Fra queste sembra preminente l'attività che lo stato, attraverso operazioni di tesoreria, a masse, esercita sugli orientamenti della borsa, sia nei riguardi dei fini interni, sia nei confronti delle finalità internazionali del mercato borsistico. Infatti in ogni paese, anche in quei pochi non coinvolti nel conflitto nonché negli Stati Uniti, le esigenze statali come precettazione privilegiata del risparmio nazionale per esigenze di tesoreria oppure per finalità di pubblico interesse si dimostrano come forze determinanti della funzionalità della borsa. Al criterio economico privato, guidato dal tornaconto valutato secondo le esigenze del singolo, si sostituisce una valutazione politica, la quale inevitabilmente tende a subordinare ogni movimento orientativo della borsa al migliore conseguimento di quelle necessità sociali. Ciò significa che nei riflessi del mercato interno la borsa tende, in ogni paese, a essere dominata dalle direttive statali in ordine agli orientamenti di investimento del nuovo risparmio, quali emergono dalla dinamica dei corsi.

Le tendenze all'intervento dello stato come guida della borsa già manifestatesi da tempo anche in Gran Bretagna e negli Stati Uniti, con le operazioni di "mercato aperto" (compera e vendita di titoli di stato effettuate direttamente dalla tesoreria per finalità di controllo e di dominio del mercato finanziario, anche nei riflessi della dinamica della bilancia dei pagamenti), si sono decisamente rafforzate e, sembra, siano definitivamente acquisite alla nuova tecnica dei mercati finanziarî.
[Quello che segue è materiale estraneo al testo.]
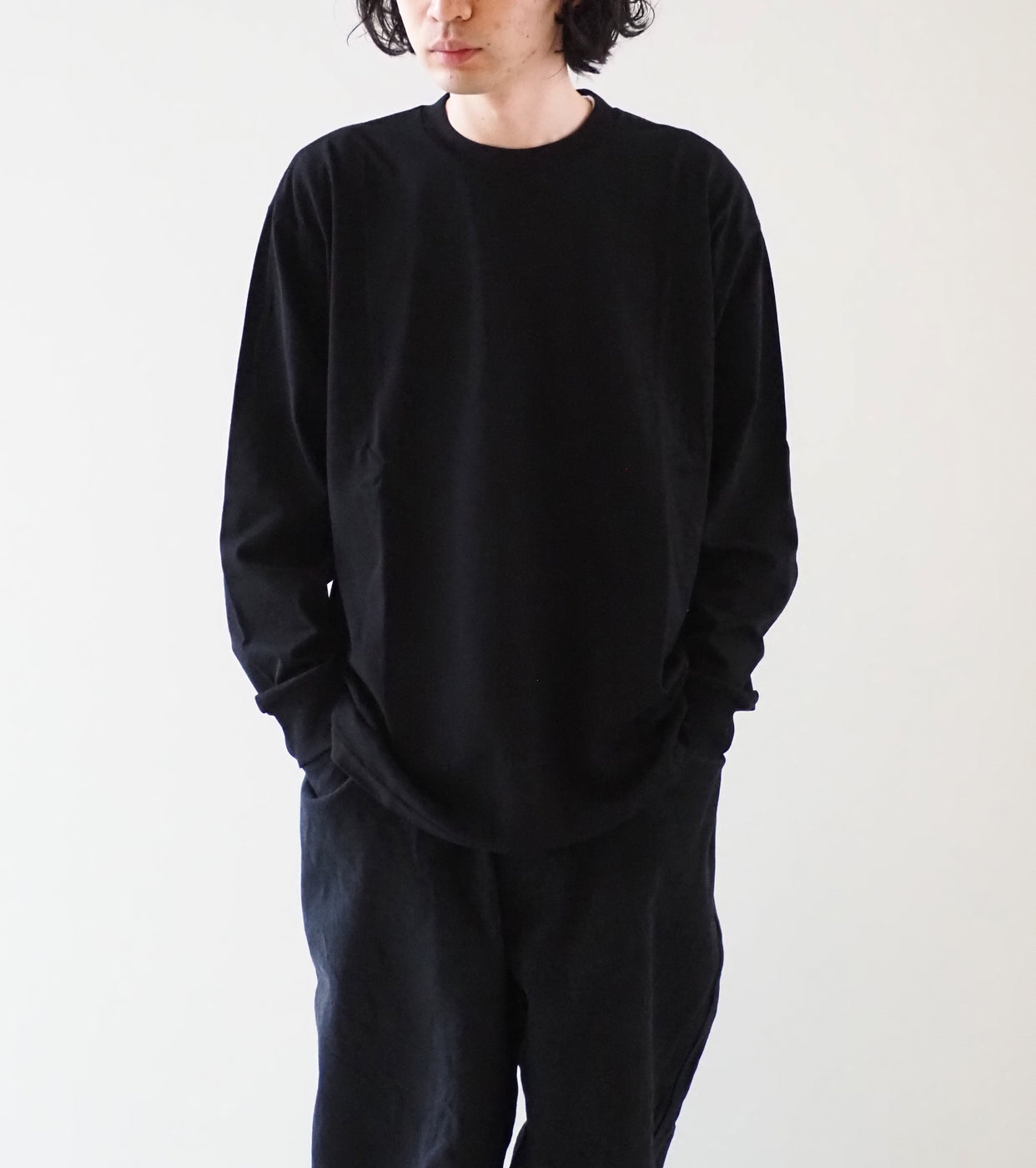 COMOLI Cotton Jersey Long Sleeve T-Shirt, Black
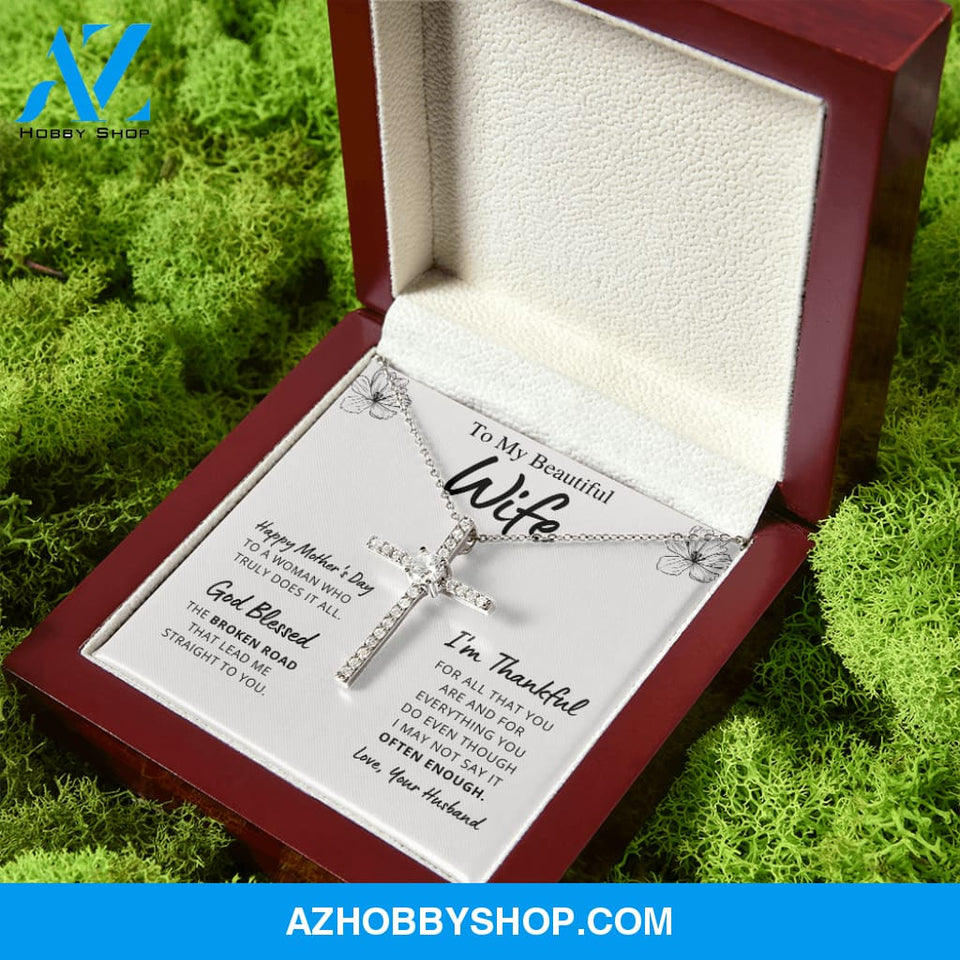 Wife Mother's Day - Thank You - Cross Necklace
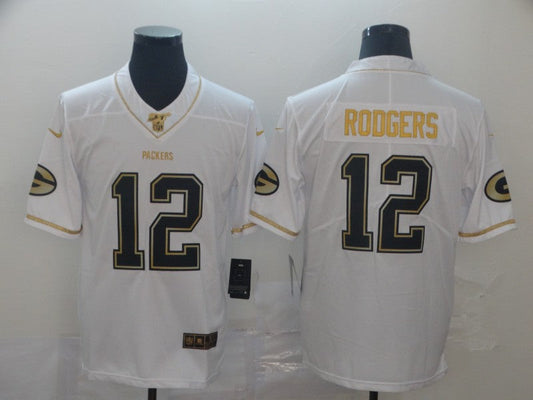 Men's Green Bay Packers #12 Aaron Rodgers White Game Jerseys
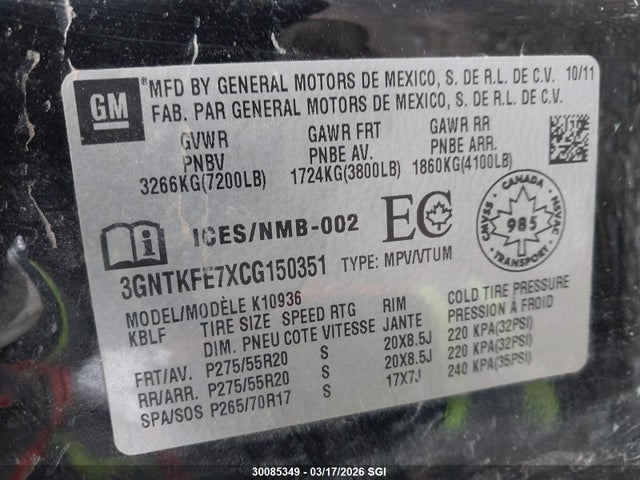 30085349 :رقم المزاد ، 3GNTKFE7XCG150351 vin ، 2012 Chevrolet Avalanche Lt مزاد بيع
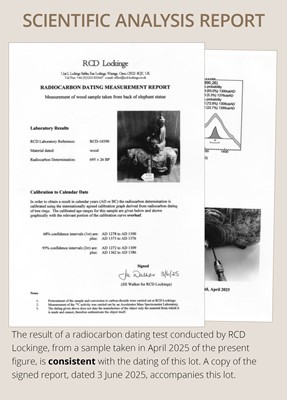 Lot 162 - A SUPERB AND VERY RARE CARVED WOOD FIGURE OF FUGEN BOSATSU ON ELEPHANT, KAMAKURA PERIOD, THE DATING CONFIRMED BY A C14 TEST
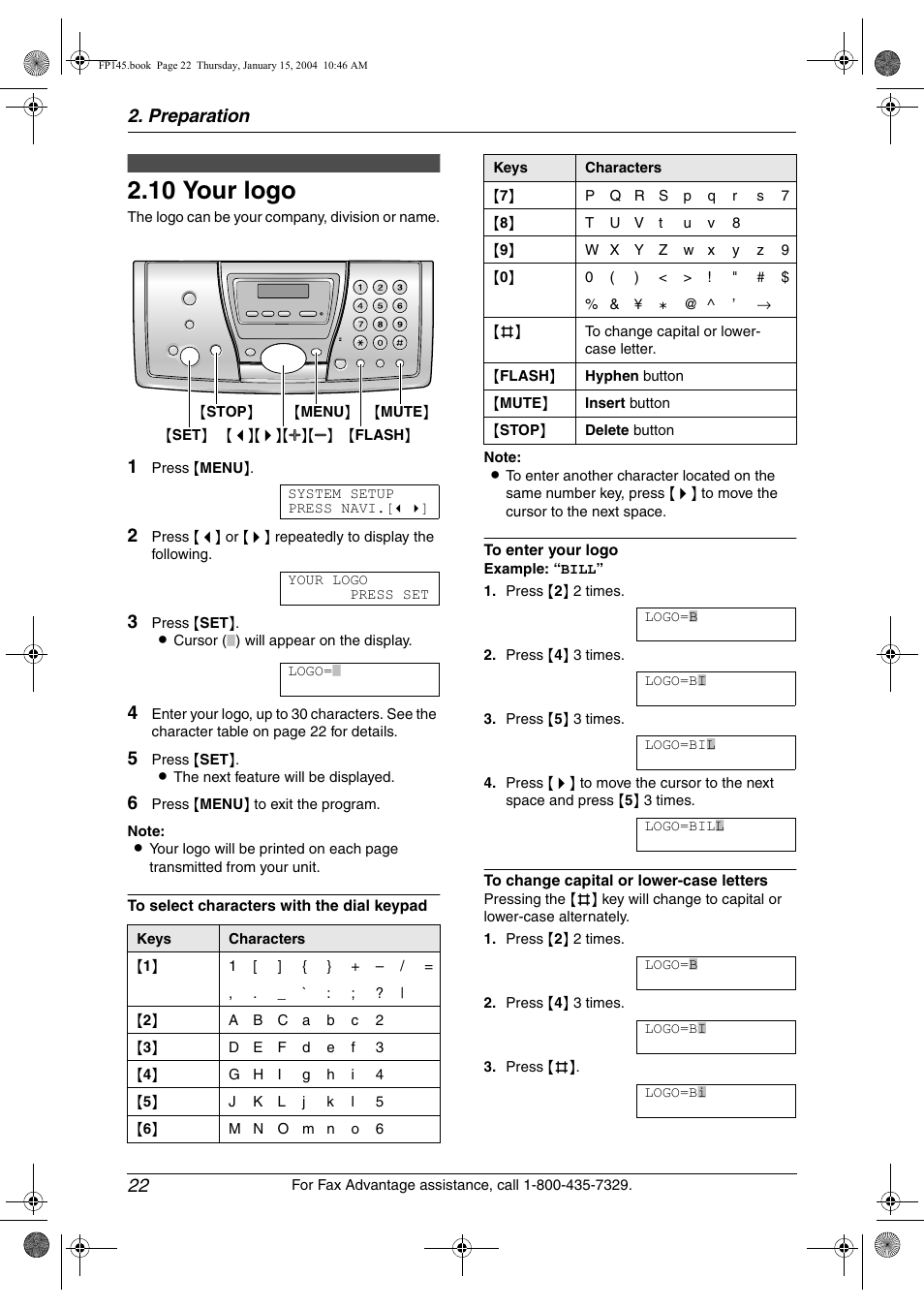 10 your logo, Your logo, 10 your logo | Preparation 22 | Panasonic KX-FP145 User Manual | Page 24 / 86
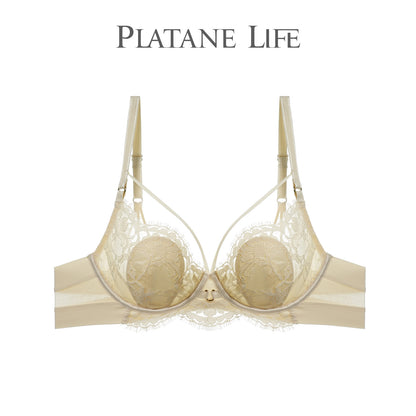 French Lace Crystal Cup Soft Underwire Bra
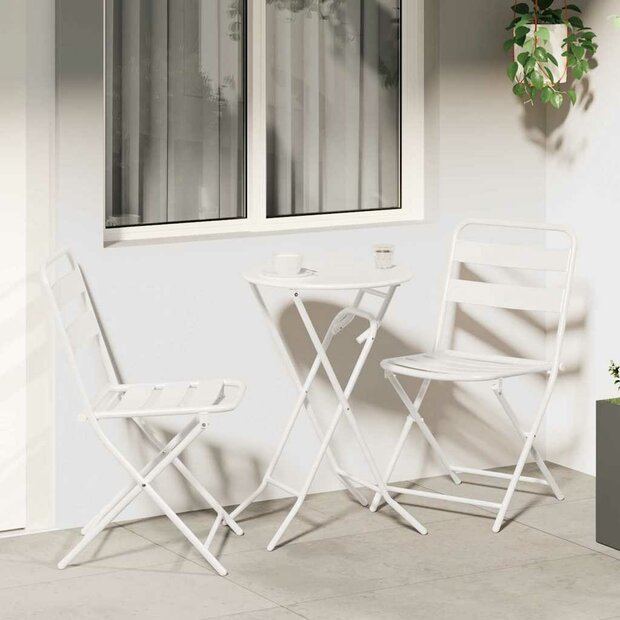 Tuin Bistroset 3 pcs Wit Staal 1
Da questa esigenza, espressione dei tempi, emergono conseguenze di grande rilievo. Nei confronti delle funzioni che la borsa compie con riferimento al mercato interno, si manifesta un effettivo controllo dell'andamento dei corsi dei titoli, il quale, come avviene più o meno efficacemente (a seconda della efficienza dei controlli posti in essere dallo stato) in ogni paese, si inquadra nel complesso intervento statale di determinazione dei prezzi delle merci e dei servizî. Là dove ogni bene è, oppure tende a essere, tariffato, non vi è possibilità logica per un libero mercato dei titoli rappresentativi degli strumenti produttivi di quei medesimi beni. Tutto il mercato del risparmio tende a livellarsi, quindi, intorno al rendimento del risparmio investito in titoli statali, quale è fissato dalla tesoreria con riferimento alle effettive possibilità di ogni paese. È questo aspetto, del tutto nuovo nella ultima tecnica finanziaria postbellica, che consente di prevedere come probabile in avvenire, il rafforzarsi di un sistema di investimenti durevolmente dominato dalle tesorerie, anche nei paesi che intendono, nei più vasti limiti, rispettare la iniziativa e la libera scelta dell'individuo nella gestione del proprio reddito. Esso dovrebbe, inoltre, stroncare alla radice ogni moto largamente speculativo, intesa la accezione come espressione di movimenti di mercato promossi da pochi operatori i quali, basandosi su alcune direttive fissate, cercano di trarne vantaggi particolari e transitorî mediante spostamenti delle quotazioni. Al dinamismo creato dalla iniziativa privata si tende a sostituire un andamento più lento e senza scosse, dominato dalle direttive stabilite dalla tesoreria.